Während die Felder brach lagen und das Licht einen nur spärlich verwöhnte, hielten zumindest Bauern so etwas wie Winterruhe. Es war die Zeit der Besinnlichkeit, der Ruhe und des Verarbeitens der Eindrücke der letzten Monate. Dem heutzutage geltenden Anspruch, auch im Winter die gleiche Leistung erbringen zu müssen wie im Sommer, sind die Menschen von Natur aus nicht gewachsen. Ein Scheitern und Erkranken der Betroffenen ist daher vorprogrammiert. Bei manchen tritt dies Phänomen regelmäßig zu Beginn der Winterzeit auf, bei anderen dagegen plötzlich nach jahrelanger Nichtbetroffenheit. Fest steht, der Mensch braucht Ruhephasen, sei es die nächtliche jeden Tag oder zusätzlich die saisonale zur Winterzeit.

Aber noch einen anderen lichtabhängigen Botenstoff versucht der Winterfühlige auszugleichen, das Serotonin (Serotonin: Botenstoff, der auf die Psyche des Menschen wirkt, dessen genaue Funktion bei Mensch/Tier und Pflanze aber noch nicht ausreichend geklärt ist).

Ein übermäßiger Schokoladengenuss zur Winterzeit könnte seine Ursache im Serotoninmangel haben, denn Kohlenhydrate und Fett kurbeln die Produktion des körpereigenen Glücklichmachers im Gehirn an.
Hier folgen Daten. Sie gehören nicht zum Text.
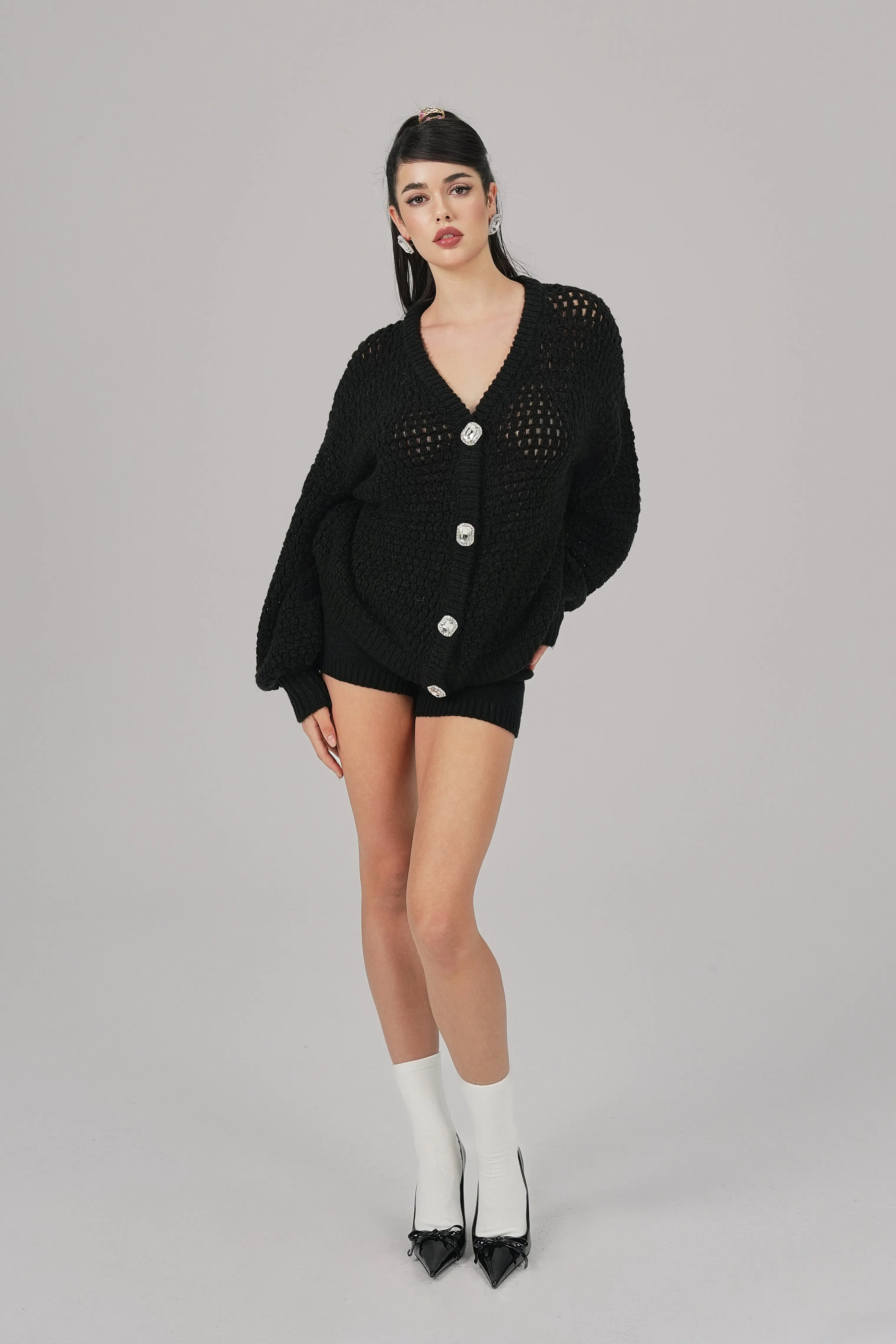 Alexis Cardigan   Scarf Set (Black)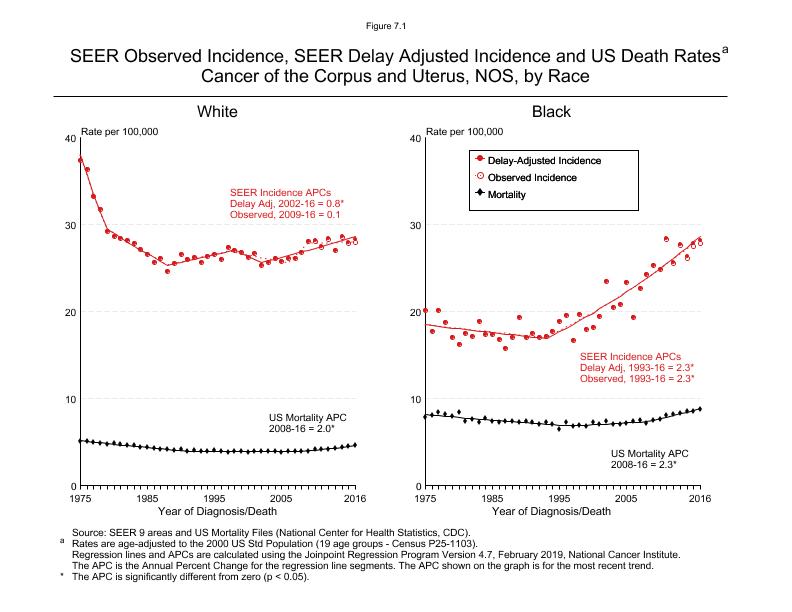 CSR Figure 7.1: SEER Incidence, Delay Adjusted Incidence and US Death Rates by Race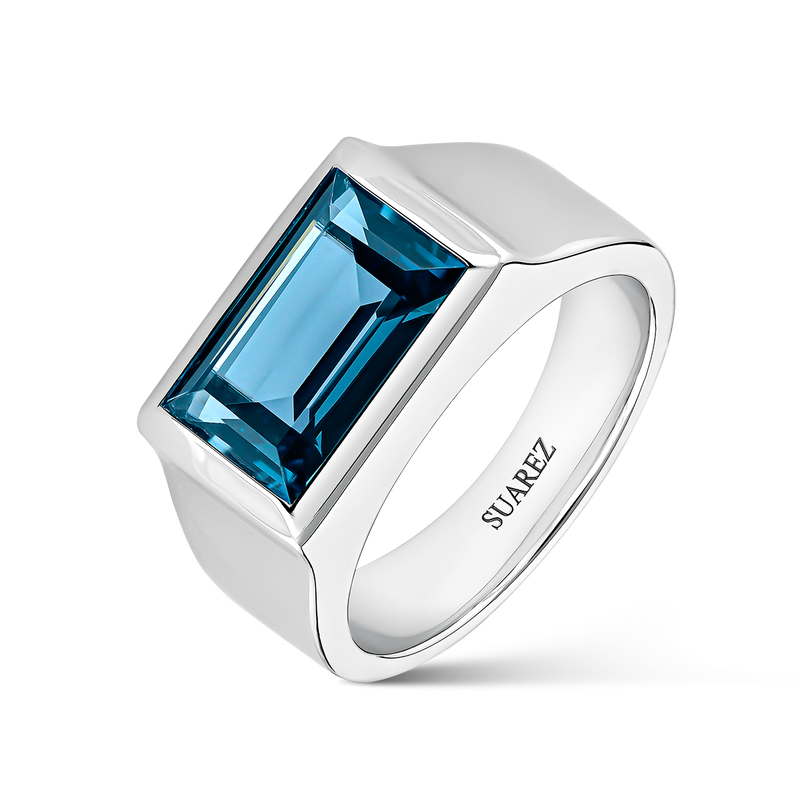 Blue Berlin ring 3,38 carats London topaz, SO21046-AGTPLN_V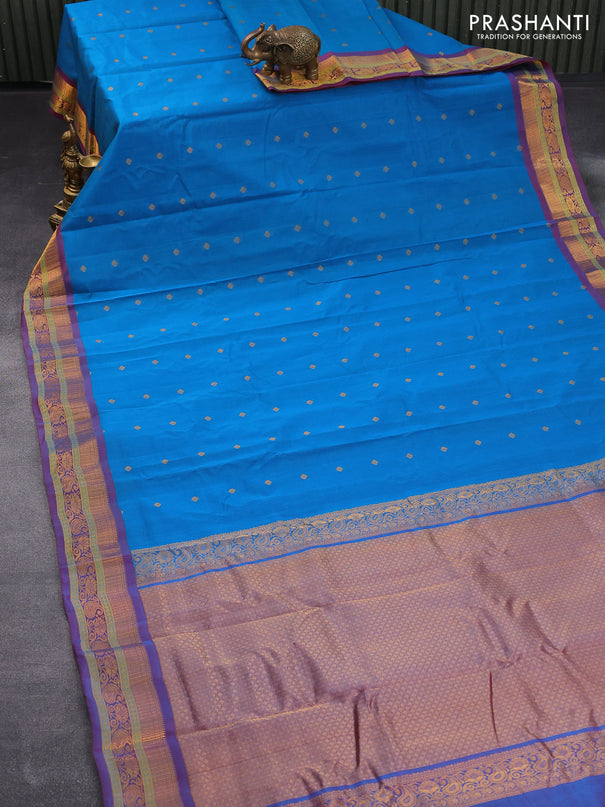 Gadwal silk cotton saree cs blue and dual shade of purple with allover zari woven buttas and zari woven border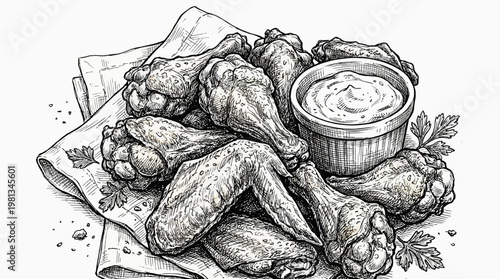 Hand-drawn monochrome illustration depicting a tempting platter of crispy chicken wings, complete with a savory dipping sauce, presented on a textured napkin, evoking classic culinary appeal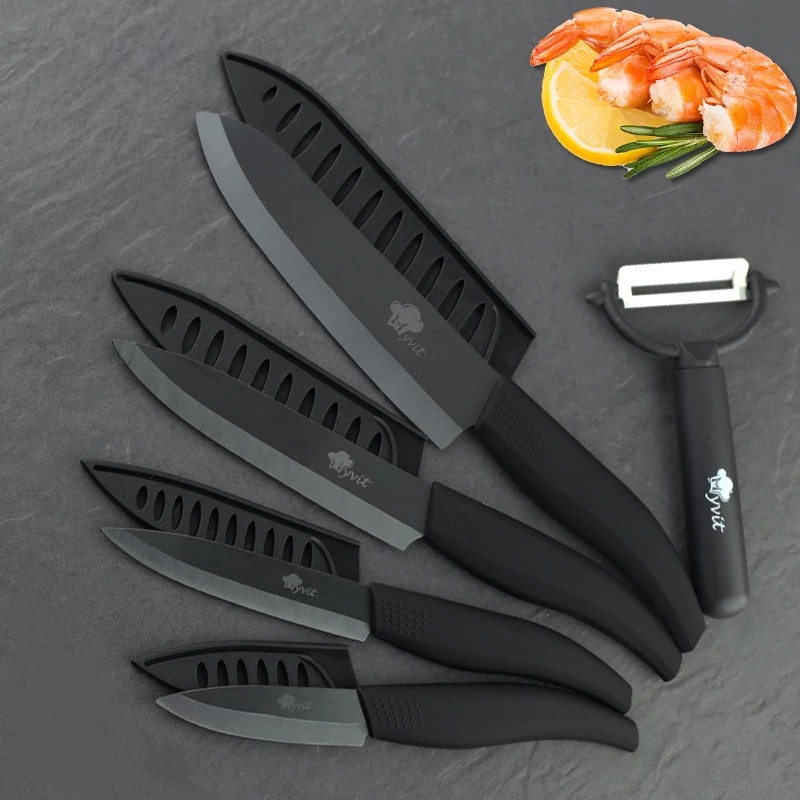 Kitchen Knives cook set Ceramic Knives Cook set 3 4 5 6 inch Zirconia Ceramic Black Blade Cooking Paring Fruit Chef Knives
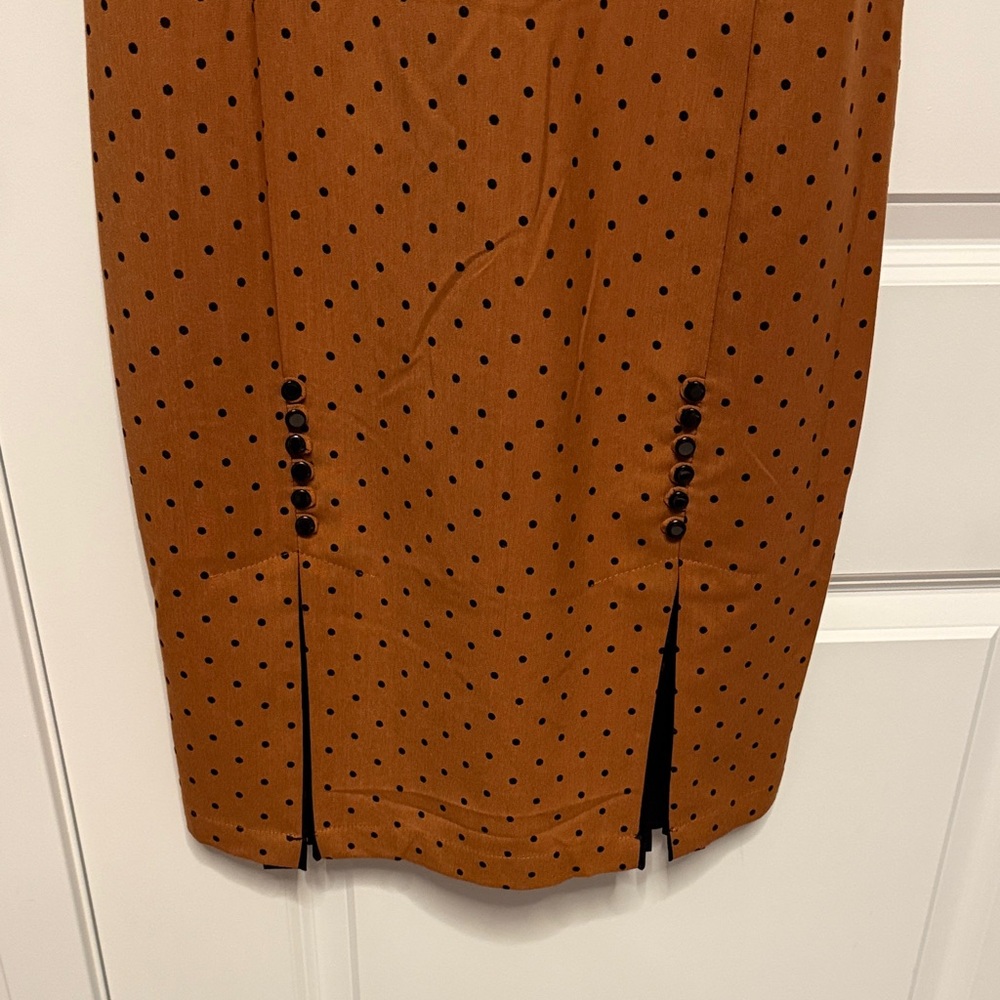 Tatyana Rust Polka Dot Midi Dress with Black Trim - Picture 3 of 6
Die kalorienarme Alternative dazu heißt Lichttherapie. Auch die Tiere, die im Winter in unseren Breitengraden bleiben und keinen Winterschlaf machen, wie z.B. Gämsen, ziehen sich in die Berge zurück, wo die Lichtmenge, bedingt durch Schneefall und Höhe, erheblich größer ist als im Tal.

Aktivitäts- und Erholungsphasen während eines Tages

Aktivitäts- und Erholungsphasen während eines Tages

Ganz anders sieht es dagegen z.B. bei Mäusen und Lemmingen aus. Regelrecht fröhliche Zeiten brechen für die kleinen Kerlchen an, denn mit Beginn der Wintersaison startet das Gruppenleben dieser sonst eher einzelgängerisch lebenden Tiere. Sie kuscheln, um den Verlust der Körperwärme möglichst gering zu halten. Das winterliche Gruppenleben bietet dann auch Gelegenheit zur Partnerfindung.

Lemmingweibchen können sich in einer Wintersaison bis zu fünf mal fortpflanzen. Beim Menschen kann man zwar auch ein Zusammenrücken beobachten, ein Reproduktionserfolg resultiert daraus jedoch nicht. Ganz im Gegenteil zeigen Statistiken aus nordischen Ländern einen eher kleinen „Babyboom“ im Frühjahr, welcher auf eine erhöhte Zeugungsrate in den lichtstarken Sommermonaten schließen lässt. Der Mensch gehört offensichtlich doch eher zu den Winterschläfern.

Stand: 2010
Dieser Text befindet sich in redaktioneller Bearbeitung.